I would suggest something like <sb/> for "space break" with
<orig>la<sb type="reg"/>cho<sb type="orig"/>sa</orig>
la <sb type="reg"/> <choice><orig>cho<sb type="orig"/>sa</orig>
----- Original Message -----
From: "Lou Burnard" <[log in to unmask]>
To: "Alexey LAVRENTEV" <[log in to unmask]>
Cc: <[log in to unmask]>
Sent: Monday, March 03, 2008 11:07 AM
Subject: Re: Critical Insert
> Hello Alexe[iy]!
> Thanks for the suggestion as to a possible use-case.

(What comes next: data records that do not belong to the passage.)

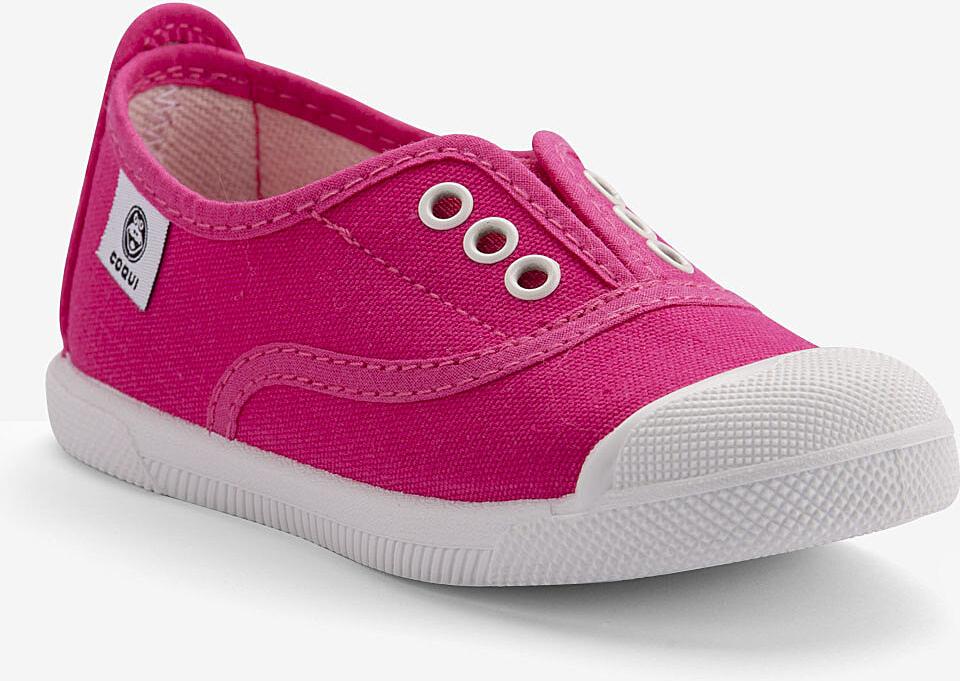 Coqui Kinder Canvas Sneaker mit Kaugummi-Duft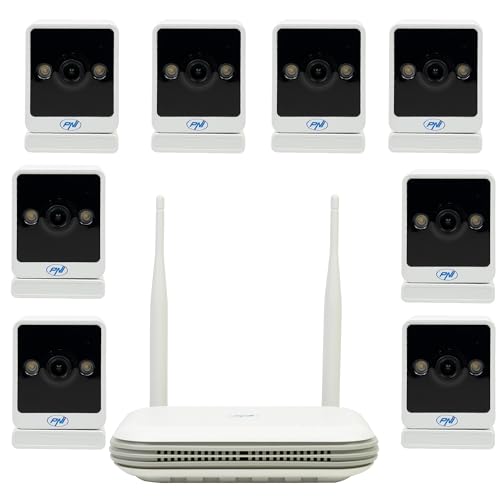 Wireless video surveillance kit PNI House WiFi800 NVR and 8... - Home & Kitchen Amazon UK à 72.54€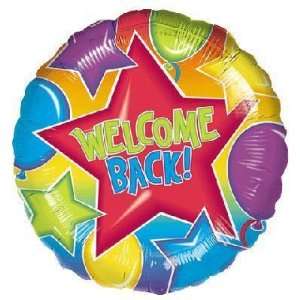  Welcome Balloons   18 Welcome Back Festive Toys & Games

But surely this could
> be coped with quite easily:
> <reg><seg>la</seg> <seg>cosa</seg></reg>
> (I've used <seg> here rather than <w> to avoid arguments about what a word
> is, but the same principles apply; you could also saying something like
> <seg type="orthographicToken"> or introducing a new element <ot> for that
> Once you have the tokens identified, you can use the usual linking and
> alignment methods to associate them, of course.
> Alexey LAVRENTEV wrote:
>> Lou Burnard wrote:
>>> What's wrong with
>>> <sic>lacho sa</sic>
>>> <reg>la cosa</reg>
>>> What kinds of query or analysis might you realistically do that this
>>> encoding would not support?
>> I am afraid that this markup makes a confusion between 2 different kinds
>> of regularization:
>> a) spelling,
>> b) spacing.
>> In diplomatic editions, it is not uncommon to have normalized spacing
>> and original spelling.
>> Such an encoding can also cause problems in case of linguistic
>> If you tokenize on the basis of the regularized form but want to keep a
>> of the original one, how will you link the two?